**Dataset content**.

>>>>>

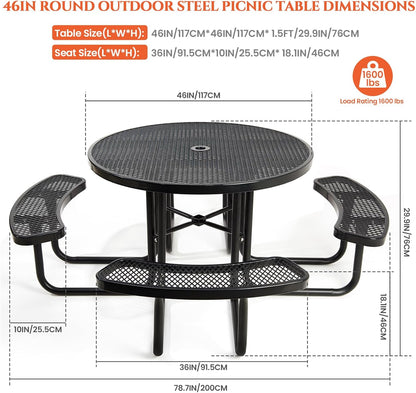 Heavy-Duty Park Bench or Table for Outside - Black Coated Outdoor Furniture Steel Bench, Commercial-Grade Outdoor Benches Weatherproof for Park, Patio, Porch (Black, 46” (Rd. Table))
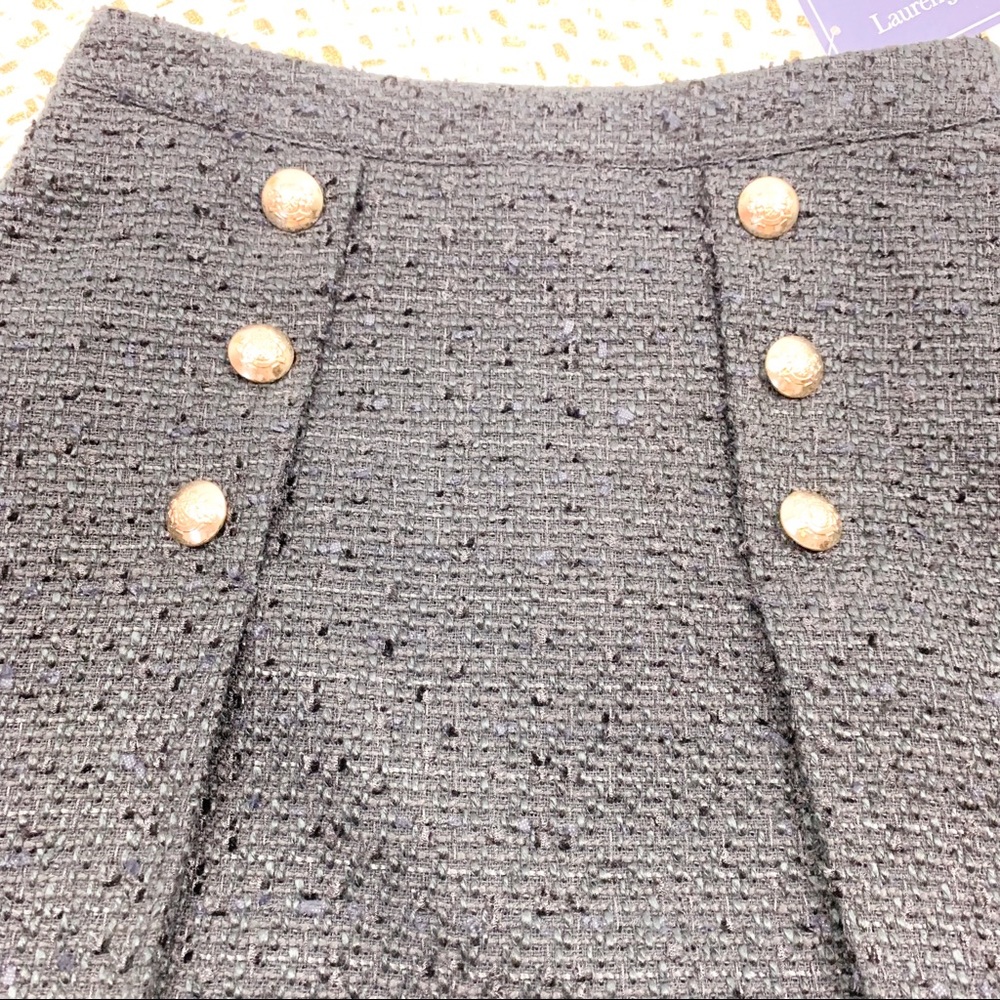 Lauren James Black Tweed Pleated Button Skirt - Picture 4 of 7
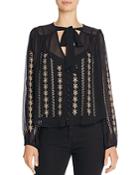 Band Of Gypsies Embroidered Chiffon Blouse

<<<<<

**Task objective**. Each line above is to be copied exactly, and the pictures are to be dropped.

**Answer space**.
 Heavy-Duty Park Bench or Table for Outside - Black Coated Outdoor Furniture Steel Bench, Commercial-Grade Outdoor Benches Weatherproof for Park, Patio, Porch (Black, 46” (Rd. Table))
 Lauren James Black Tweed Pleated Button Skirt - Picture 4 of 7
 Band Of Gypsies Embroidered Chiffon Blouse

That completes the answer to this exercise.